Re: Error when using aggregates with correlated subqueries

Posted by Maryann Xue <ma...@gmail.com>.
Hi Khaleel,

Thanks for looking into the problem! But there IS a bug with EXISTS having
an aggregate function, say "max(H."timestamp") as used in your very first
query that did not work.
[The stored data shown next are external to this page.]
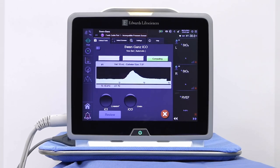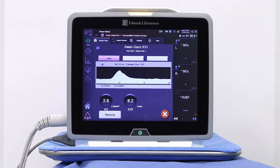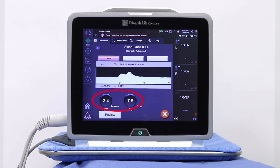Repeat this procedure up to six times as desired to obtain a sufficient number of readings to produce a good average value. The Hemisphere Advanced Monitoring Platform will automatically disregard readings for boluses deemed inadequate.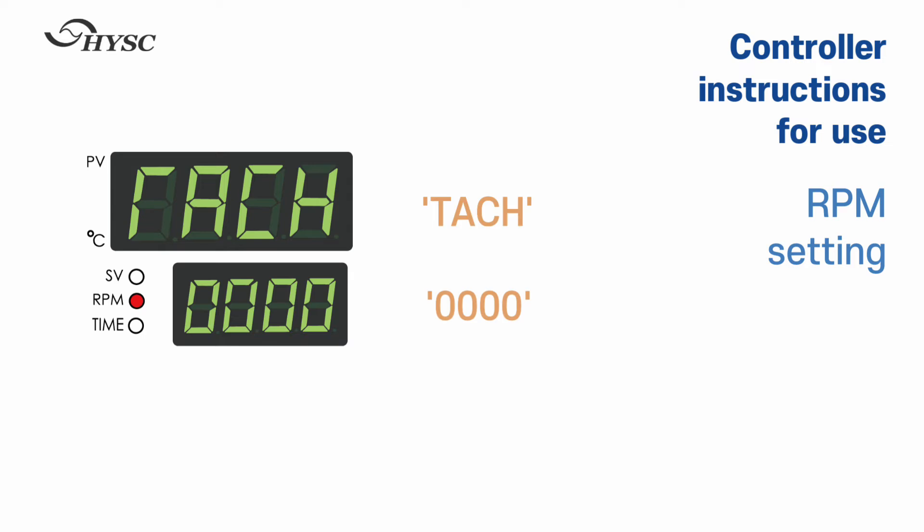Tatch is displayed on the upper screen. Tatch is abbreviation for tachometer.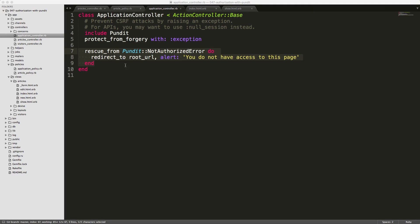Within our application controller, we can call rescue_from Pundit not authorized error and redirect to the root URL alerting them that you do not have access to this page.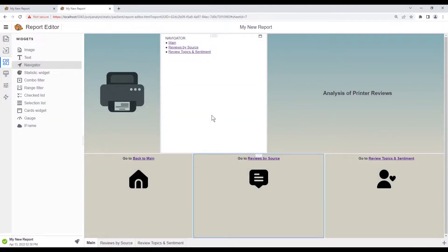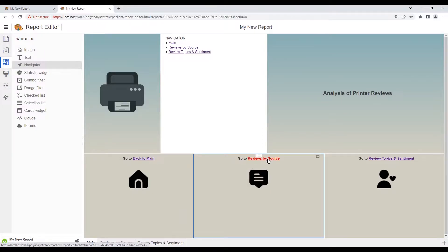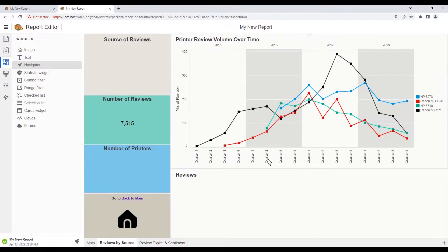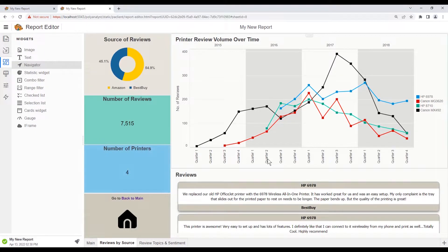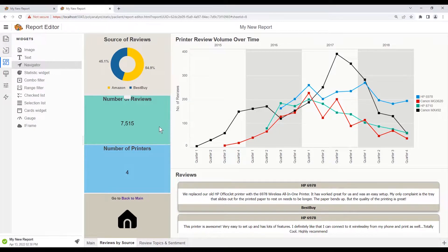For the statistics widget, let's switch over to the reviews by source sheet. On here we see two stats widgets.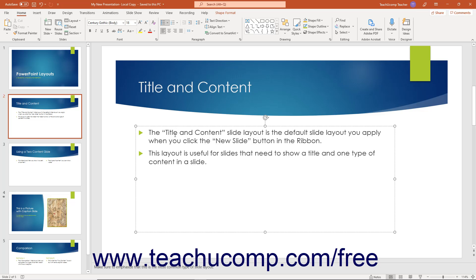You should also see the insertion mark cursor appear somewhere within the text in the object. Alternatively, a solid line border indicates the object is in object editing mode. The object itself, including all text within it, is selected and can be modified in this mode.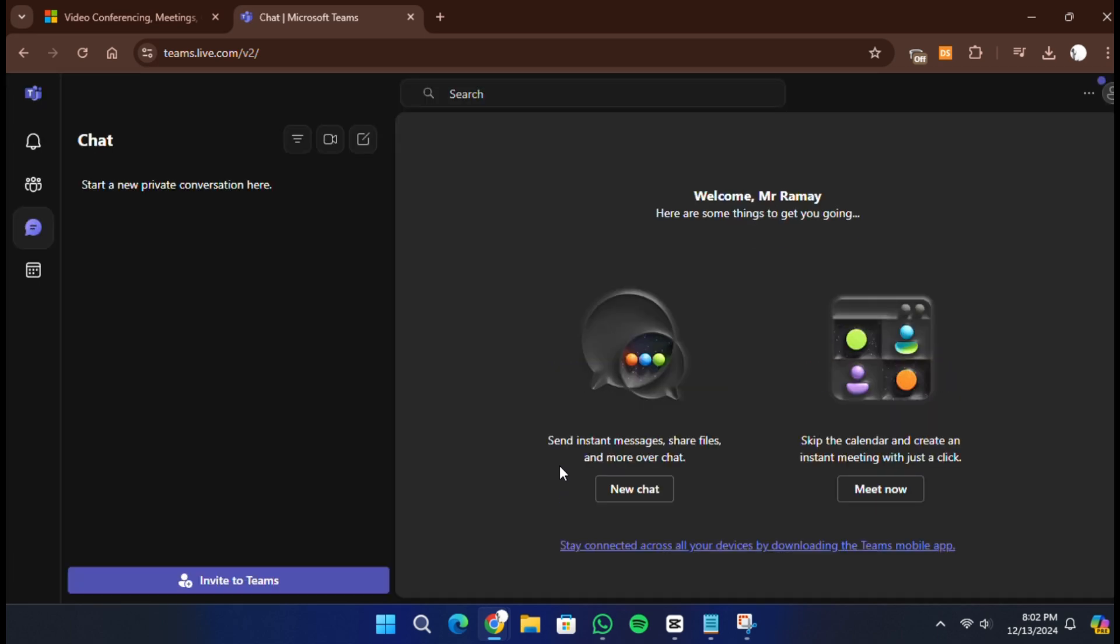That's all it takes to create a Microsoft Teams account. Thank you for watching and I will see you in the next video.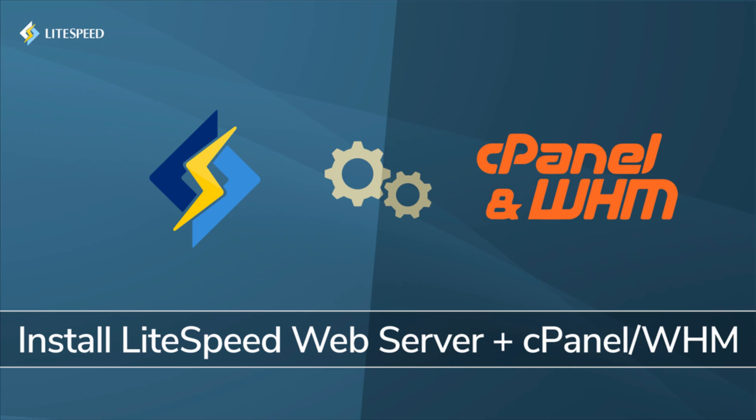Hello everyone and welcome to this video. Today I'm going to show you how to set up LiteSpeed web server on a cPanel server. So let's get started.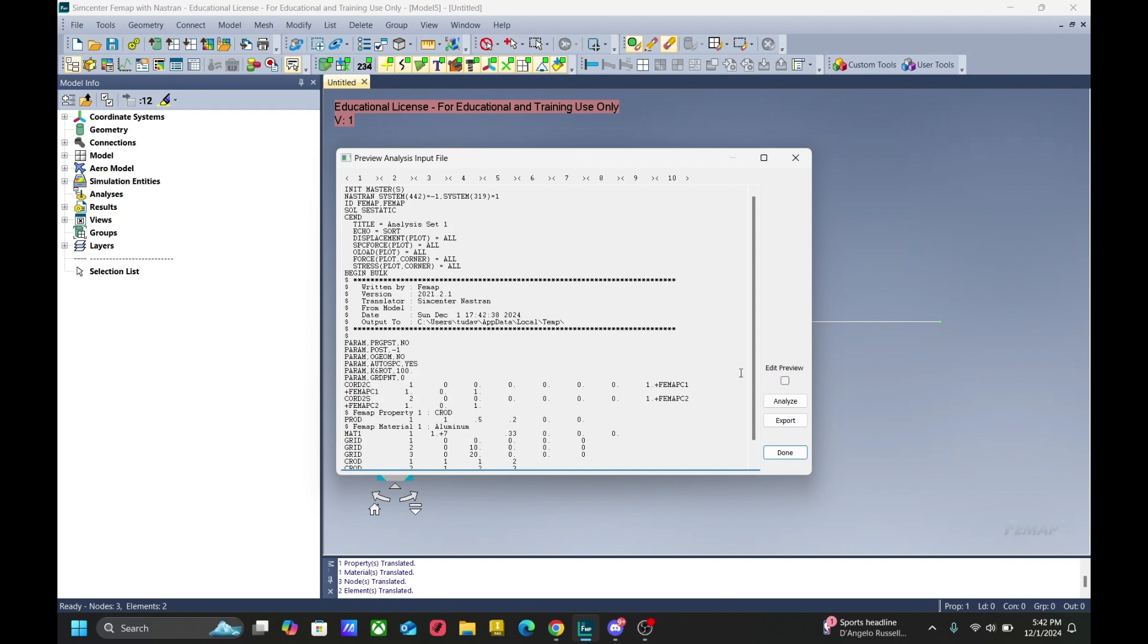We can edit this bulk data file in this dialog box by going to edit preview and clicking the box. Now we can make all the changes that we need, and it will be saved into FEMAP.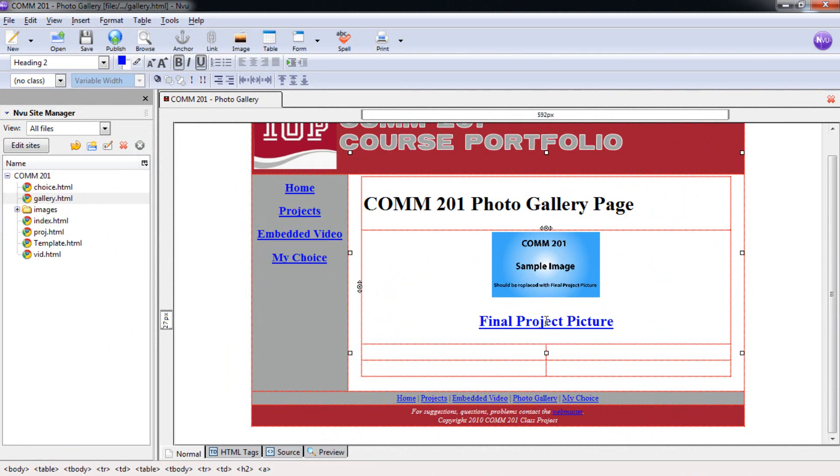Okay, after we have the final project picture in place, we're going to go ahead and put in picture one here.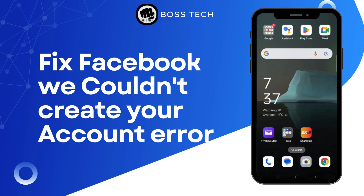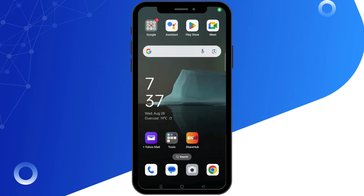How to fix Facebook 'We Couldn't Create Your Account' error. Hello everyone and welcome back to our channel. In this video, I will show you how to fix the 'We Couldn't Create Your Account' error on Facebook. So, let's get started.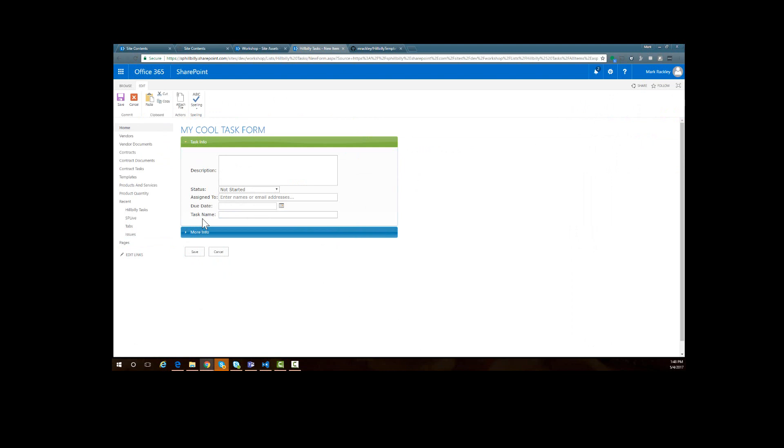Again, the thing that is just important is that you have a placeholder for every field that you want to have on your form. Now if for some reason there is a field you don't want to appear on the form at all, just don't put it in the template and it won't show up. So yeah, that is how you use it. Feel free to play with it.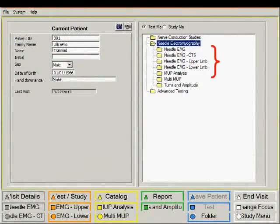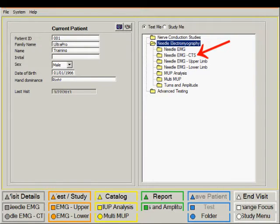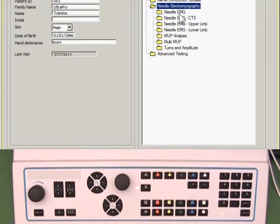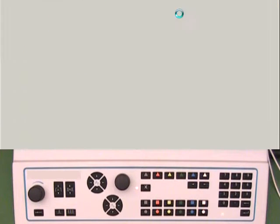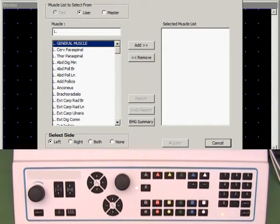The needle electromyography folder contains many test settings to perform the needle EMG examination. They are identical in functionality. They differ mainly in the preference of the muscles tested. The needle EMG CTS contains muscles that would be used for carpal tunnel syndrome. Let's start the needle EMG study.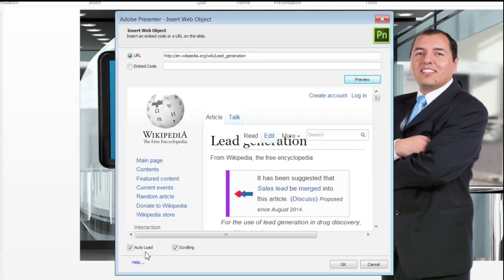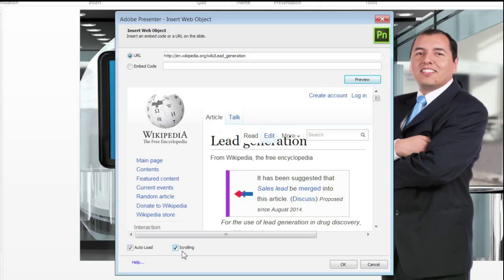You can select Autoload if you want the web object to start playing as soon as the slide is loaded, and you can select Scrolling if you want users to be able to scroll down the web object content. Now click OK.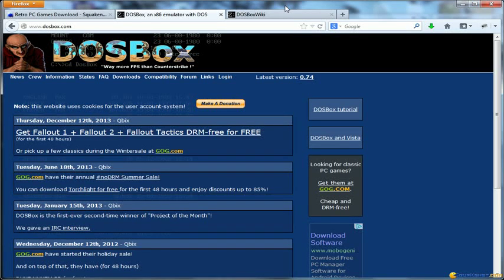Hello everybody, this is Squeak from Squeaknet.com and today we are going to show you how you can download and install DOSBox in order to run and play old games on your new machines.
Otherwise, if subquery is SELECT * or SELECT
column1 or SELECT substr(column1), it's fine coz there is no aggregate.

And interestingly the query with W."rowId" failed because it referenced to
the outmost query that had EXISTS. Otherwise if using H.
rowId", it only had to deal with "SELECT * from H" which was a comparison
subquery and so it worked fine.

Anyway, I will verify if there is any problem with multiple level outer
reference in correlated subqueries, as an independent issue without EXISTS.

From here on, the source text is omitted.